A little dash’ll do ya.

The Rattlesnake cocktail is why rye and absinthe belong together

In the beginning, there was the Old Fashioned — at least that is what we call it today. In the 1800s, it would likely have been made with rye whiskey — such was the style of the time. The drink was but spirit, bitters, sugar, water. Simple.

It wasn’t long before enterprising bartenders were taking that very simple construction and adding dashes of this and that to the recipe, some sour lemon juice here, a little dash of liqueur there.

That inclination to tinker, to not leave well enough alone, can be both good and bad, as anyone who has judged a cocktail comp (and is honest) will tell you.

But when that inclination caused a bartender to reach for absinthe, to add just a dash of that anise-driven, fragrant herbal spirit to a rye whiskey Sour, well — that was a very good day.

Absinthe and rye whiskey belong together.

Rye and absinthe pair well and pop up often in the annals of cocktail history: there they are in the Remember The Maine cocktail; the Rye Sazerac is incomplete without its aniseed absinthe rinse. You can spot the couple together — along with cognac and sweet vermouth — in the New Orleans classic, the Vieux Carre, and the pairing is there in another classic from the Big Easy, the eponymously titled De La Louisiane; take a Manhattan on rye and add a little absinthe, and you’ve launched into a Meteor.

Rye spirit often carries a note of anise, so there’s no surprise that a little dash of absinthe to your rye cocktail can make it memorable.


The trick is to not go overboard. A quality rye deserves real, Swiss or French absinthe — or bottles made in those styles — and that fluorescent green stuff from the Czech Republic sans wormwood is best avoided.

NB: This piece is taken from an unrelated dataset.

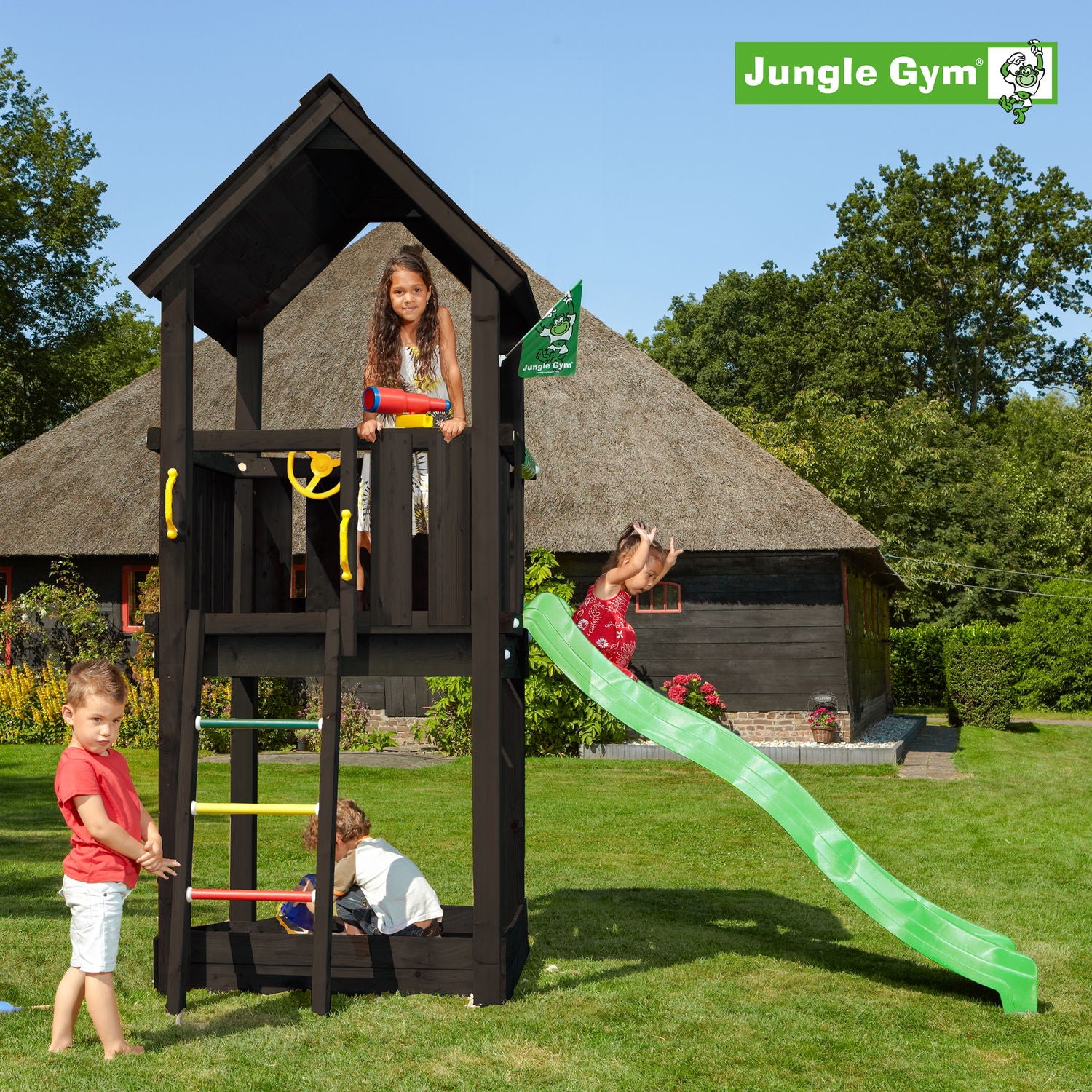Produktbillede af Jungle Gym Club legetårn komplet ekskl. rutschebane grundmalet sort på tilbud i høj kvalitet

And if it’s a lighter strength and a touch of sweetness that is required, there’s nothing wrong in swapping the absinthe for pastis — it’s a gentler, softer accompaniment to rye whiskey.

The Rattlesnake is one such cocktail that knows the power of a little dash of this and that. It’s a Whiskey Sour, with a little dash of absinthe to create something more exotic, more memorable.


  • 50ml Elijah Craig Rye
  • 5ml absinthe
  • 22ml lemon juice
  • 22ml sugar syrup
  • 15ml egg white
  • 3 drops aromatic bitters to garnish


Shake all ingredients with ice and without. Strain into a chilled cocktail glass.

Adapted from The Savoy Cocktail Book 1930.